Section 3 provides a detailed description of the design problem in this study and the discipline analysis mathematical models of propulsion, structure, aerodynamics and trajectory are established. In
Section 4, a multi-level and multi-discipline decomposition based on ATC is attempted and the design optimization of a three-stage LV is carried out based on a two-phase optimization strategy.
Section 5 reports and discusses the results of the present study.
6. Conclusions
In this paper, the ATC methodology was successfully applied to the LV overall design. A mathematical example was used to verify the feasibility of MIGA in non-linear multi-level design optimization. The present study established an ATC-decomposed multi-level and multi-disciplinary framework for LV overall design and this hierarchical framework was calculated using a two-phase design optimization strategy.

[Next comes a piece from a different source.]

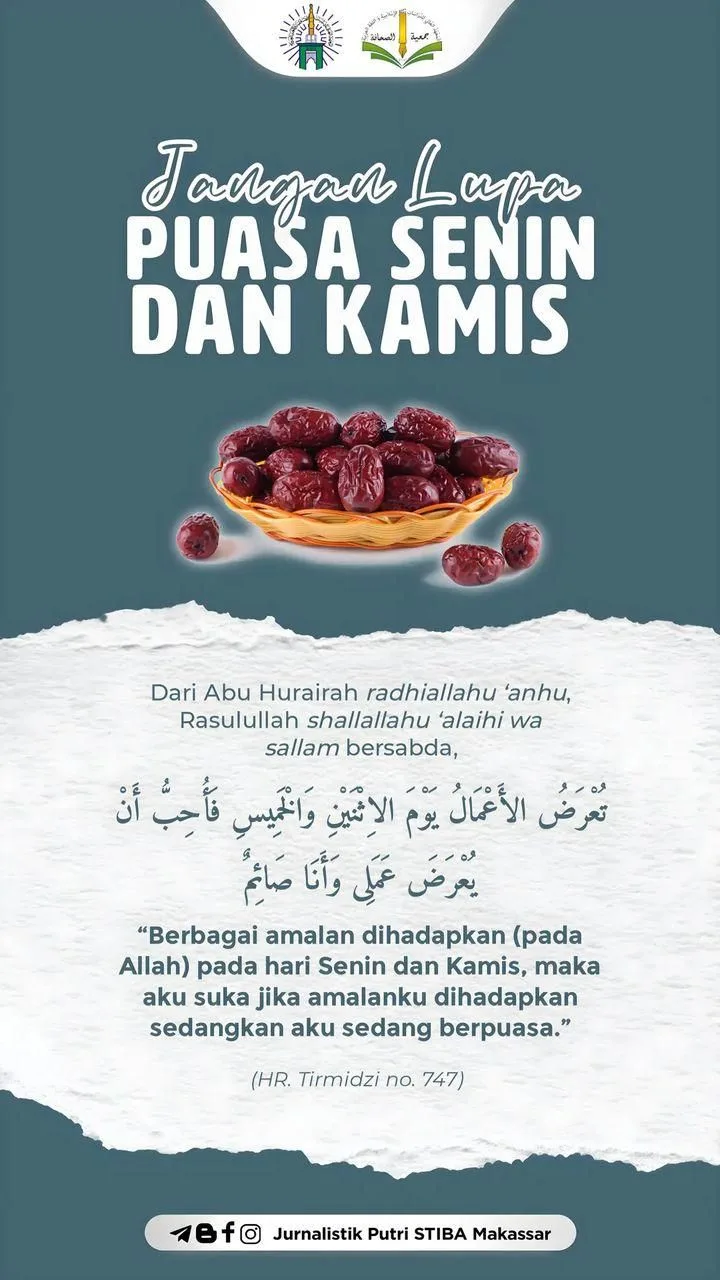 kebiasaan puasa senin kamis - Tabel Ringkasan Manfaat Puasa Senin Kamis bagi Muslimah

The optimization performance of ATC with MIGA was verified through the mathematical example and the quadratic penalty function method and recalculation was feasible for the ATC methodology. The ATC system decomposition was based on the interactive design mode of the aerospace department and provides complete digital design at the preliminary phase. The proposed hierarchical ATC framework decomposed according to the rocket stage was feasible for the multi-stage LV design problem and the optimization process was effective. The two-phase design optimization strategy, including an OCC phase and an STV phase, was proven to be feasible when considering the ATC process. The results show that HRMs have the potential to be applied as the propulsion system for a small payload at low earth orbit. Compared with the MDF method, the ATC method shows a capacity of parallel computing without nonhierarchical target–response coupling. Thus, the ATC method possesses the potential ability of efficiency improvement through reasonable system decomposition.

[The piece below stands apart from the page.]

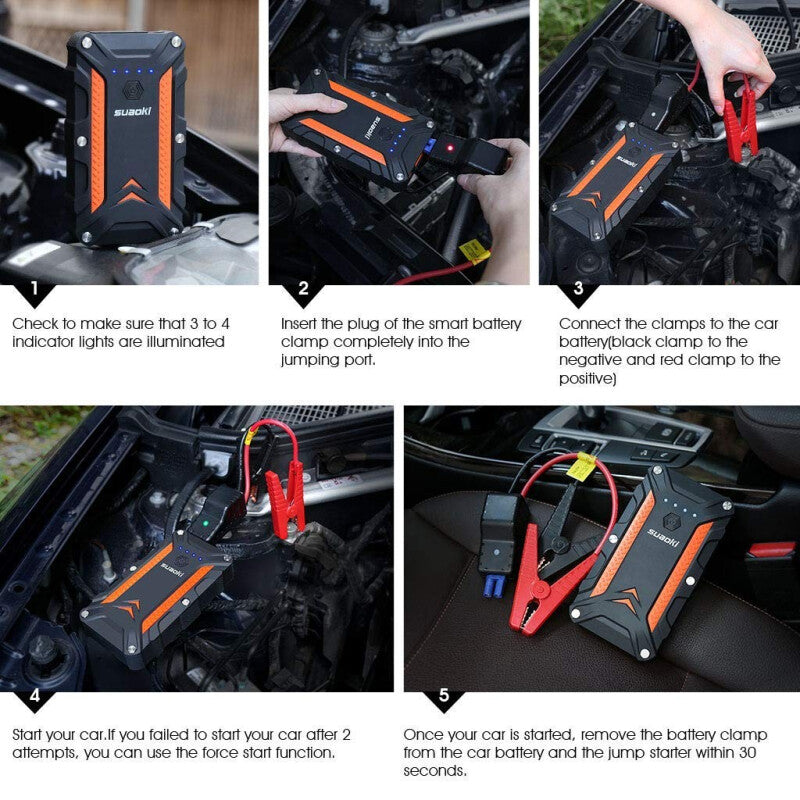 1000A Peak Portable Car Jump Starter - Black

However, further study is still needed to solve the rational consistency constraints in the ATC method, which will cause convergence difficulty if it is too small or will cause too large an error by recalculating (in order to completely eliminate deviations of linking variables) if it is too big. Moreover, as the above research focuses on the preliminary design phase of the LV, the applicability of the methodology above in a high fidelity analysis model also needs further exploration.